■ DATA EXTRACT ■
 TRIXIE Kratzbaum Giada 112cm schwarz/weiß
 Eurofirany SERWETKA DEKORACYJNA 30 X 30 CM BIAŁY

* * *

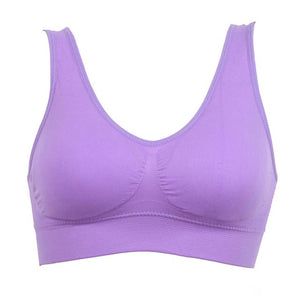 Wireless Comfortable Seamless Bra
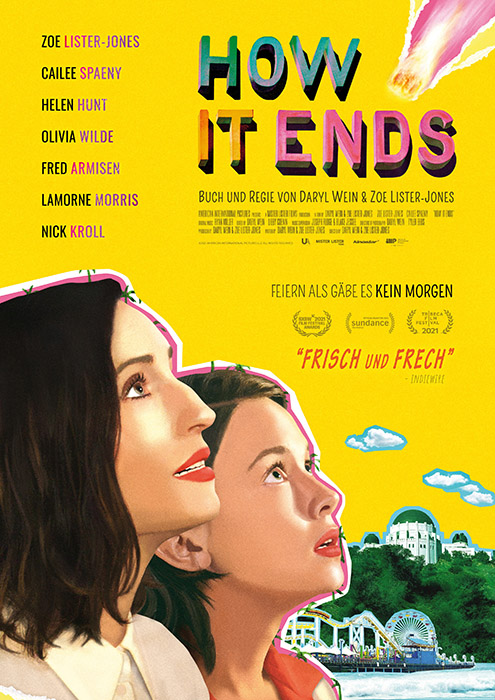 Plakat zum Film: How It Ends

* * *

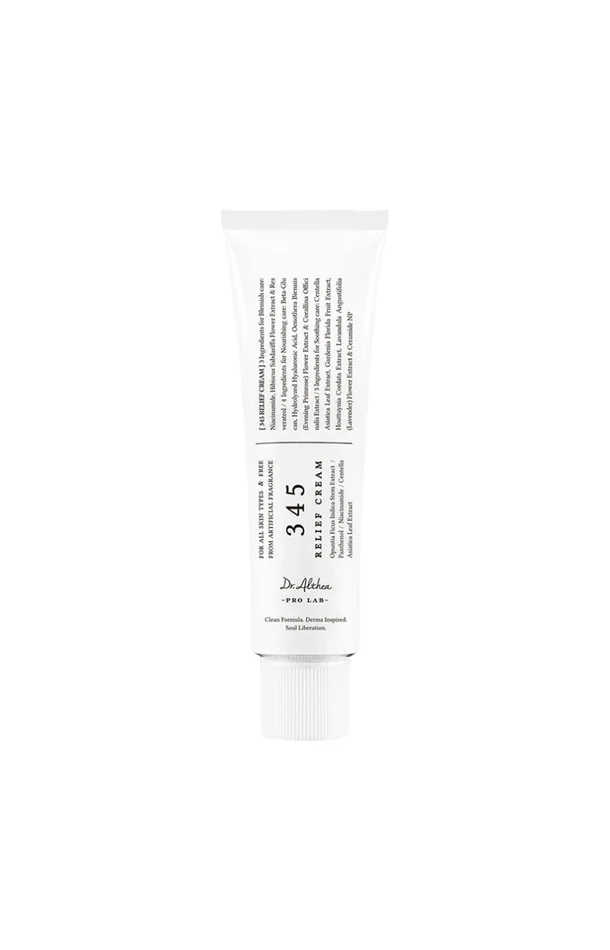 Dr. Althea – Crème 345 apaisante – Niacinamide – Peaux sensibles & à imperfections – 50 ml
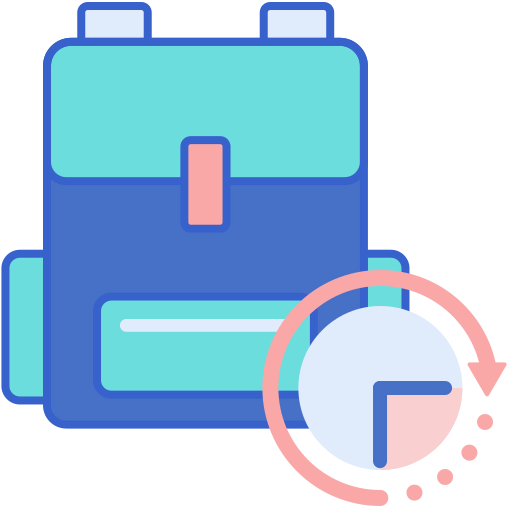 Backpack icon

■ WORK REQUEST ■
Out of the records above, set down only the lines from the one that contains "Dr. Althea –" through the one that contains "Backpack icon", unchanged and without the pictures.

■ TASK OUTPUT ■
 Dr. Althea – Crème 345 apaisante – Niacinamide – Peaux sensibles & à imperfections – 50 ml
 Backpack icon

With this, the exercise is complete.